Maybe someone can figure out how to make it faster. I used all the tricks I could think of, but I'm sure more is possible.

Reinhard · 2019-12-17 17:11

WOW!!!
With this demo, the P2 is in the league of digital signal processors. I suspected it, but so far I still lack the experience in p2asm.
I will also need a demo board soon. Testing with the simulator is very tedious.
Thanks for sharing this example.
Reinhard

edit:
Cheers to the rev command.
I wanted to assemble that next, but there is ;-)

cgracey · 2019-12-17 17:41

I wonder how fast mdern DSP's can do a 1024-point FFT. It might be a few microseconds.

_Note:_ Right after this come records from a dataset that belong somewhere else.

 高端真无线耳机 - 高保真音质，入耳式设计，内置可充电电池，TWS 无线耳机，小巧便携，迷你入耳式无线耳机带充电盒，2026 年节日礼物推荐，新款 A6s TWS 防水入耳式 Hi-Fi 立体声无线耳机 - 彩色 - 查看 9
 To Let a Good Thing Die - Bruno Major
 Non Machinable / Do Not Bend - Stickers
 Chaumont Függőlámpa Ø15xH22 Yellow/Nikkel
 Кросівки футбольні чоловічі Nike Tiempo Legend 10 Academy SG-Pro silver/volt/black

I think the simplest way to speed up this program would be to take bigger bites in the inner loop, so that we load/store more A's and B's and pipeline more CORDIC operations. Right now it's taking ~750,000 clocks to do 10,000 operations. That's 75 clocks per. We could probably get it down to 30 clocks. Then, boost the clock a little more and we'll be under 1ms.

Publison · 2019-12-17 17:56

Reinhard wrote: »

WOW!!!
With this demo, the P2 is in the league of digital signal processors. I suspected it, but so far I still lack the experience in p2asm.
I will also need a demo board soon. Testing with the simulator is very tedious.
)

We need to get a board to you ASAP. I can send you my board right now. I can wait for the new run in the next 2-3 weeks.
PM me if you are interested.

Reinhard · 2019-12-17 18:02

In this context, I have another question. How fast is the internal ADC and what bit width does it have. An external ADC with 16 bit would not be a drama either.

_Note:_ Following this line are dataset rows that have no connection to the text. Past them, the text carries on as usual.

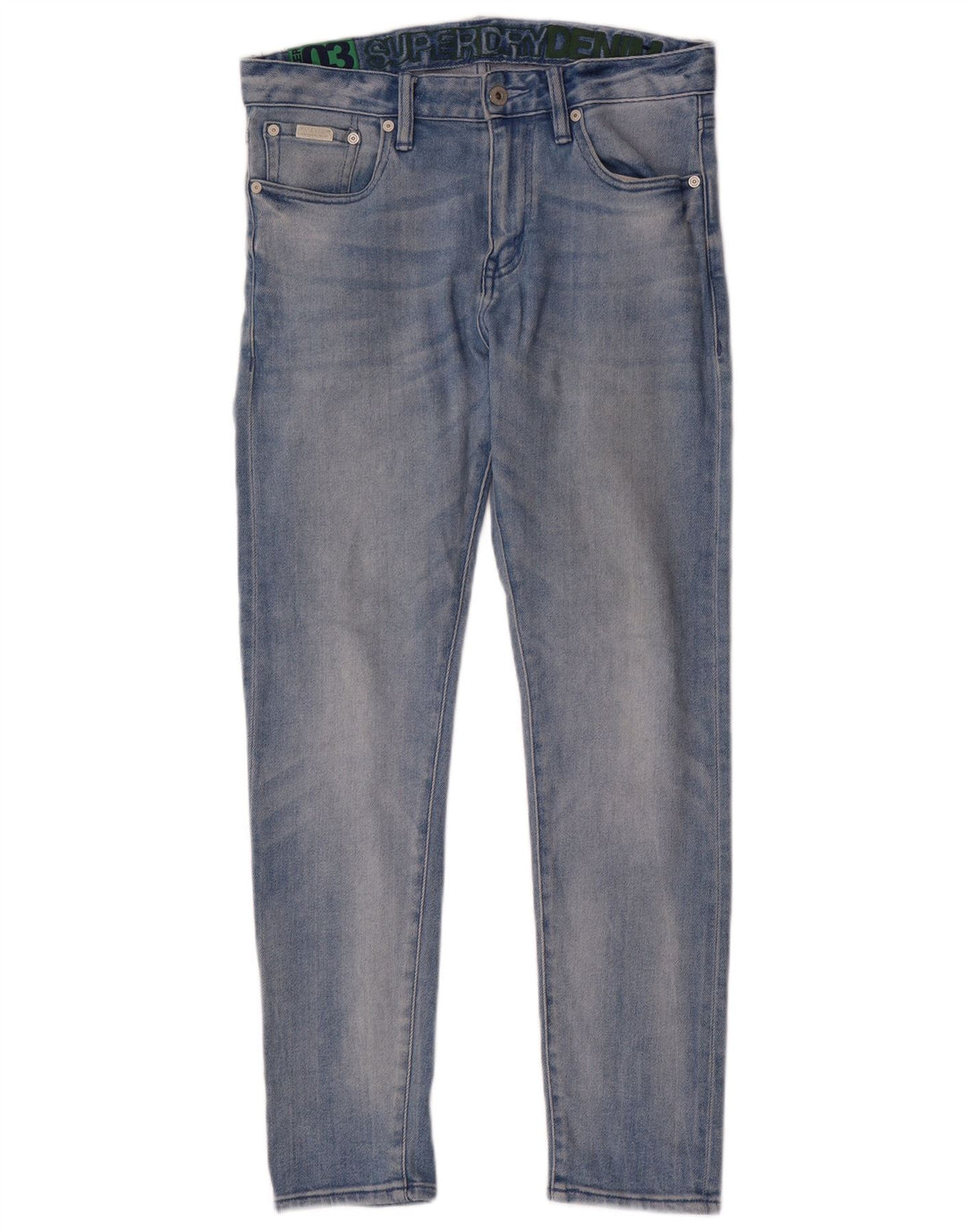 Jeans Superdry Masculino Slim W30 L30 Azul Algodão
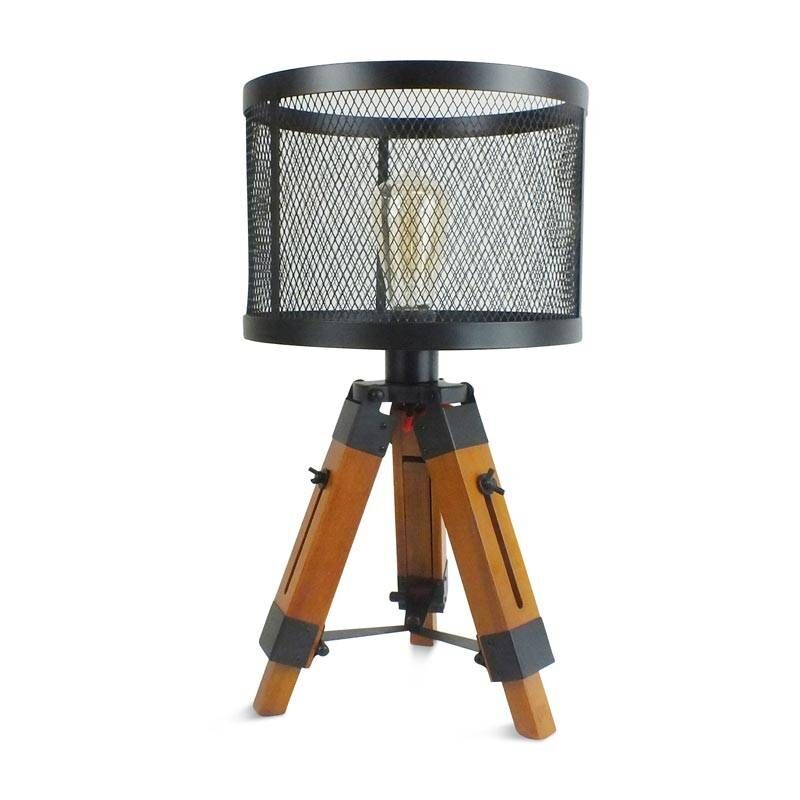 foto del prodotto lampada da terra vintage con treppiede niconage .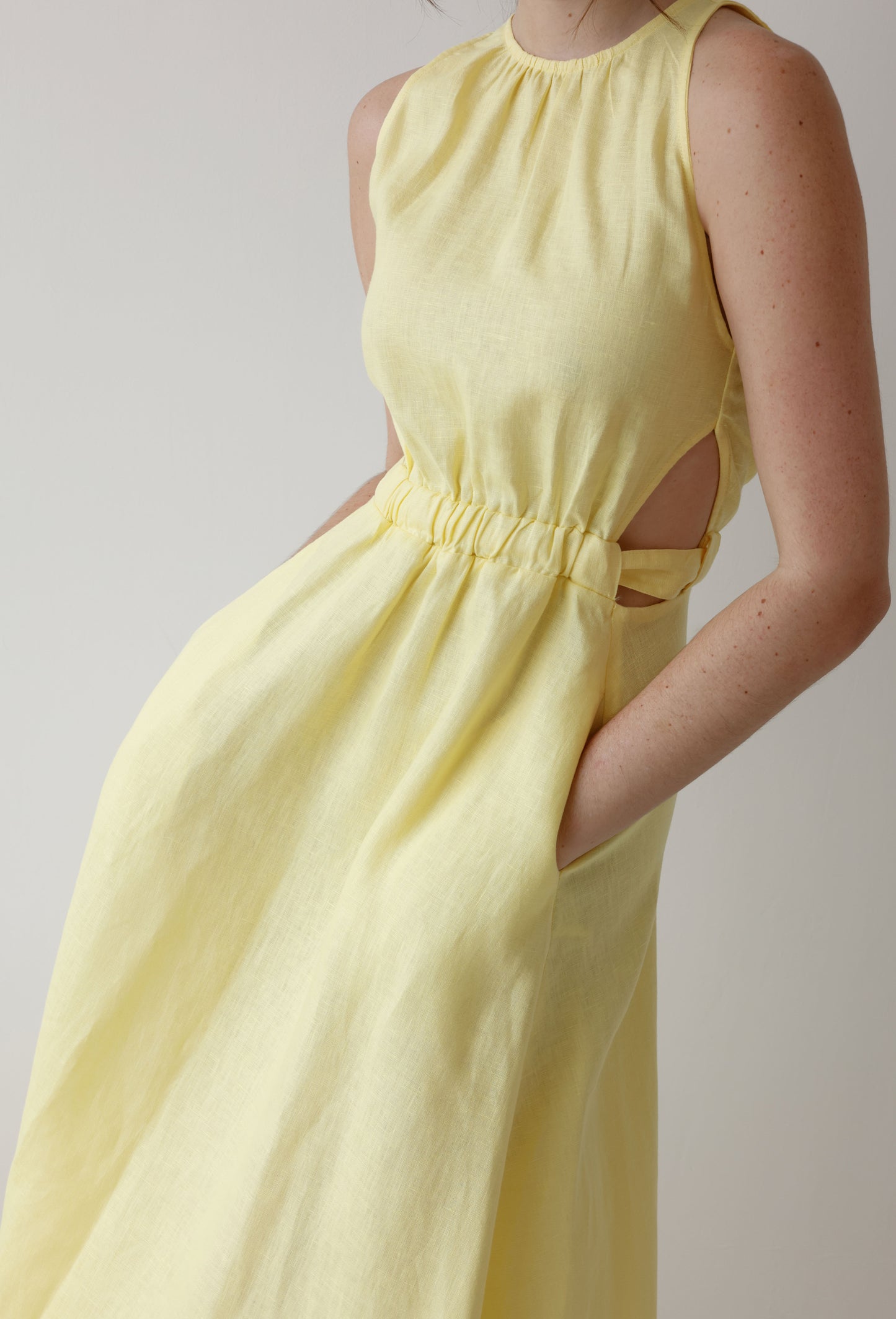 VESTIDO VALERIA AMARILLO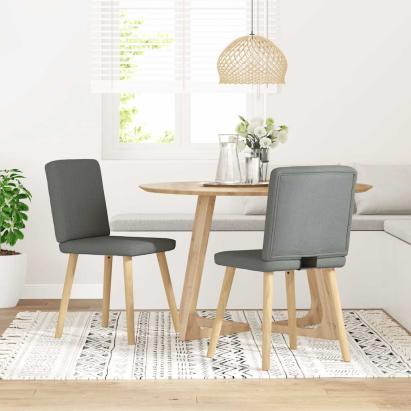 Scaune de sufragerie, 2 buc., gri închis, material textil GartenMobel Dekor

Reinhard · 2019-12-17 18:05

Publison wrote: »

Reinhard wrote: »

WOW!!!
With this demo, the P2 is in the league of digital signal processors. I suspected it, but so far I still lack the experience in p2asm.
I will also need a demo board soon. Testing with the simulator is very tedious.
)

We need to get a board to you ASAP. I can send you my board right now. I can wait for the new run in the next 2-3 weeks.
PM me if you are interested.

Thank you, I live in Germany and I don't know how complicated it is to send.

jmg · 2019-12-17 18:27

Reinhard wrote: »

In this context, I have another question. How fast is the internal ADC and what bit width does it have. An external ADC with 16 bit would not be a drama either.

The internal ADC are modest, ok for a MCU. Tests on the ES1 silicon, had 10~12bit ADC, which varied with supply and pin and MHz.
An external ADC will be needed to highest performance.
P2 can support the external isolated ADCs, which give 78kHz BW and 12~14b useful from a 16b result.

Reinhard · 2019-12-17 18:36

Thank you.
I mean the P2 has enough pins if a very high-performance application is needed.
a flash ADC can also be connected, which loads the data in parallel.

Rayman · 2019-12-17 18:54

I wonder how much using two cogs with shared LUT would speed things up...

Reinhard · 2019-12-17 19:03

Yes, I've already thought of that.
I just have no concrete idea at the moment how it can be synchronized.
A parallel processing, that would be a huge thing.
I think it is possible.

Publison · 2019-12-17 19:11

Reinhard wrote: »

Publison wrote: »

Reinhard wrote: »

WOW!!!
With this demo, the P2 is in the league of digital signal processors. I suspected it, but so far I still lack the experience in p2asm.
I will also need a demo board soon. Testing with the simulator is very tedious.
)

We need to get a board to you ASAP. I can send you my board right now. I can wait for the new run in the next 2-3 weeks.
PM me if you are interested.

Thank you, I live in Germany and I don't know how complicated it is to send.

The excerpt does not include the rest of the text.